Nora ora piangeva istericamente. Entrò il dottor Willoughby, ansioso e preoccupato.

«Nora, piangi ancora? Dakin, l’avevo avvertita…»

«Ho dovuto fare il mio dovere, dottore» affermò il capo della polizia con dignità. «Signora Haight, non ha nulla da dirci che possa aiutare suo marito?…»

«Non è stato lui, lo giuro!»

«Allora, se non mi dice nulla, signora, credo proprio che dovrò farlo.»

«Che cosa, per l’amor del cielo?»

«Dovrò arrestare suo marito.»

«Arrestare… Jim?»

Nora cominciò a ridere istericamente. Dietro gli occhiali le sue pupille erano molto dilatate. Il dottor Willoughby cercò di calmarla, ma lei lo respinse.

«Non potete arrestare Jim! Non ha fatto niente, non avete nessuna accusa a suo carico!»

«Ne abbiamo diverse» affermò Dakin.

«Mi spiace, Nora» mormorò Carter Bradford. «Ma è vero.»

«Moltissimi capi d’accusa…» mormorò Nora. Poi gridò rivolta a Pat: «Troppa gente lo sapeva! Ecco cosa vuol dire avere degli estranei in casa!»

«Nora!» protestò Pat. «Ma cara…»

«Un momento, Nora» cominciò Ellery.

«Lei non osi rivolgermi la parola!» gridò Nora con voce stridula. «Lei lo ritiene colpevole per via di quelle tre lettere!

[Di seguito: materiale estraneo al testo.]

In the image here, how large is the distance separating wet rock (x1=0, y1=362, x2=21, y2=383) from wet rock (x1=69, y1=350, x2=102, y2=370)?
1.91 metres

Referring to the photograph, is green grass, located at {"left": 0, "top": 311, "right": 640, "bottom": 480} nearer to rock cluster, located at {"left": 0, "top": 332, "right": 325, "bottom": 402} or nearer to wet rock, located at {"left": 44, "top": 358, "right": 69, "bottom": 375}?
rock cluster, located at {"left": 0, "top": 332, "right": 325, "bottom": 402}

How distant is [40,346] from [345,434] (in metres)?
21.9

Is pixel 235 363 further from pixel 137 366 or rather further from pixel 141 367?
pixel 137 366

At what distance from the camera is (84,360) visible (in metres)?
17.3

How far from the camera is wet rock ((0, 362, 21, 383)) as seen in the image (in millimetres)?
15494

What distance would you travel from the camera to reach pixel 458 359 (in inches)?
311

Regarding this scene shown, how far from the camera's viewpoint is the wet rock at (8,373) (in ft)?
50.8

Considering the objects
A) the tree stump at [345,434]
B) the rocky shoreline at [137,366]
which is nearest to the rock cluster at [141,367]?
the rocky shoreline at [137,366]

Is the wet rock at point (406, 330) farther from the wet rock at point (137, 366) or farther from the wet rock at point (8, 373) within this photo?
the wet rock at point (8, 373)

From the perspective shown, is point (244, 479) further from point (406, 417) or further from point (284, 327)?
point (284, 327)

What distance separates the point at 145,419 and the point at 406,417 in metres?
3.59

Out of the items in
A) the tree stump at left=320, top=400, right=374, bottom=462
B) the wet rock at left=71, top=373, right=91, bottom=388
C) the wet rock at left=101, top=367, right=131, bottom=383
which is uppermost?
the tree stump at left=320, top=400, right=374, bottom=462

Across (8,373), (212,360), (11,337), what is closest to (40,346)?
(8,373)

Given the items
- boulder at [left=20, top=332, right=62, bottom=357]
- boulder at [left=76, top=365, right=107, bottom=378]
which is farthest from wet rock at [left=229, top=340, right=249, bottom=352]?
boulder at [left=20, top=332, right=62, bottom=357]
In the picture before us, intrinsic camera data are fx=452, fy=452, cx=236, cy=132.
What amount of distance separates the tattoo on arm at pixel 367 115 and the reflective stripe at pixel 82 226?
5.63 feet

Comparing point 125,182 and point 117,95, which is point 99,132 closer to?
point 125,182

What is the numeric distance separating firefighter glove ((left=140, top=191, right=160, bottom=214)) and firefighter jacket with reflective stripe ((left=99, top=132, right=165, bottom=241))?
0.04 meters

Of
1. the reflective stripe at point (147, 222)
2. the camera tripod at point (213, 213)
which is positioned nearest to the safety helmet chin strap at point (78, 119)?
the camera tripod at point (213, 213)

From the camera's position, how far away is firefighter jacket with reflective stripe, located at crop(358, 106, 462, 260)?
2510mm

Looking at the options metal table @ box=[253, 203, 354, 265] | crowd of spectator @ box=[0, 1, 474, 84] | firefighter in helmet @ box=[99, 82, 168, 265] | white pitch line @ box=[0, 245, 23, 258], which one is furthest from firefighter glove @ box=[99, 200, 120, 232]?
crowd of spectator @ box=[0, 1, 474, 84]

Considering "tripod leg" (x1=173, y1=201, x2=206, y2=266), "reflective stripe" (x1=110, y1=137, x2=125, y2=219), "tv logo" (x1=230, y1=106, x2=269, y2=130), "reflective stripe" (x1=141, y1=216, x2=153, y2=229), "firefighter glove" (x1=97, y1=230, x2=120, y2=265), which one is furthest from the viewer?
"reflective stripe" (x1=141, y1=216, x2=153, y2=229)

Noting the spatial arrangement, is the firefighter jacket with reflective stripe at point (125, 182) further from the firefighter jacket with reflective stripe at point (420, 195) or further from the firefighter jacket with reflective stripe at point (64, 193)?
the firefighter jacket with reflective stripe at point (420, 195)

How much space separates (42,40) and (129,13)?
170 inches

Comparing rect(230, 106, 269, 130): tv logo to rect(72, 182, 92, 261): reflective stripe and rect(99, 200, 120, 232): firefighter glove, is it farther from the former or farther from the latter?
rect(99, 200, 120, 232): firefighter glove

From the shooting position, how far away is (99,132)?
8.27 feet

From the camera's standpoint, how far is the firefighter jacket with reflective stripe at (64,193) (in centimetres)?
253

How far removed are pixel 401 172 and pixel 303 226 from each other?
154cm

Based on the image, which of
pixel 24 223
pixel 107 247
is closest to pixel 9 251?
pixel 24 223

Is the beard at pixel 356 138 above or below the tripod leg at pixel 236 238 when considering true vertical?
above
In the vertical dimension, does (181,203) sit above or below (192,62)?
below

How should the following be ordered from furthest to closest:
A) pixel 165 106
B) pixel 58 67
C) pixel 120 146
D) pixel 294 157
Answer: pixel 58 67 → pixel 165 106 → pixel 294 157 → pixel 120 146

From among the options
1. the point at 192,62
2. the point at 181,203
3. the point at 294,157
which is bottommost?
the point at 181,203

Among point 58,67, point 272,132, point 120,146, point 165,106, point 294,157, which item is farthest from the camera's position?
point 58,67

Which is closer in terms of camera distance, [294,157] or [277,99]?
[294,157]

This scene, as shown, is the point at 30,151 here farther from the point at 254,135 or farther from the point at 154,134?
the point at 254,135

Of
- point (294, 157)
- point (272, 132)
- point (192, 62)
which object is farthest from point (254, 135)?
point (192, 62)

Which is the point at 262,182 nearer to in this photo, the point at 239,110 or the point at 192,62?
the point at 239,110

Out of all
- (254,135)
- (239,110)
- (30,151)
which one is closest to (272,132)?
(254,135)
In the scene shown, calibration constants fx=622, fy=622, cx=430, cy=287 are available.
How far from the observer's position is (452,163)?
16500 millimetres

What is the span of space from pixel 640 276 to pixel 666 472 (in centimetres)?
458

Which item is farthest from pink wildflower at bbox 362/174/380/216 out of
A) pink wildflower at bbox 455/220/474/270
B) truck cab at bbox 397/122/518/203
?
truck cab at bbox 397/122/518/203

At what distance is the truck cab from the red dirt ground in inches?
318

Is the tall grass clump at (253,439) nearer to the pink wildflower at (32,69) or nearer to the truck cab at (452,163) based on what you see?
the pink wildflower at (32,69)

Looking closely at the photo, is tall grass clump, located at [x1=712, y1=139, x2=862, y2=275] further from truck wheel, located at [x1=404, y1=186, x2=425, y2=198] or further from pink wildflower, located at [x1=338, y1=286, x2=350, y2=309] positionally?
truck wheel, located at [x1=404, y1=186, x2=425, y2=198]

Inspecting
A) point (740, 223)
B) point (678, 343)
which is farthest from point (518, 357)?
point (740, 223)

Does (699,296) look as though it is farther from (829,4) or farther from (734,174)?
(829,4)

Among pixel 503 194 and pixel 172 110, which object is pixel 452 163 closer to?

Non lo arresterebbero se lei non avesse parlato!»

Qualcosa dello sguardo fisso di Ellery parve fermare la crisi di nervi di Nora, che s’interruppe con un gemito e s’appoggiò al dottor Willoughby. Nei suoi occhi si leggeva ora un’enorme paura. Attonita, fissò prima Dakin poi Bradford e si strinse ancor di più i pugni portandosene uno alla bocca.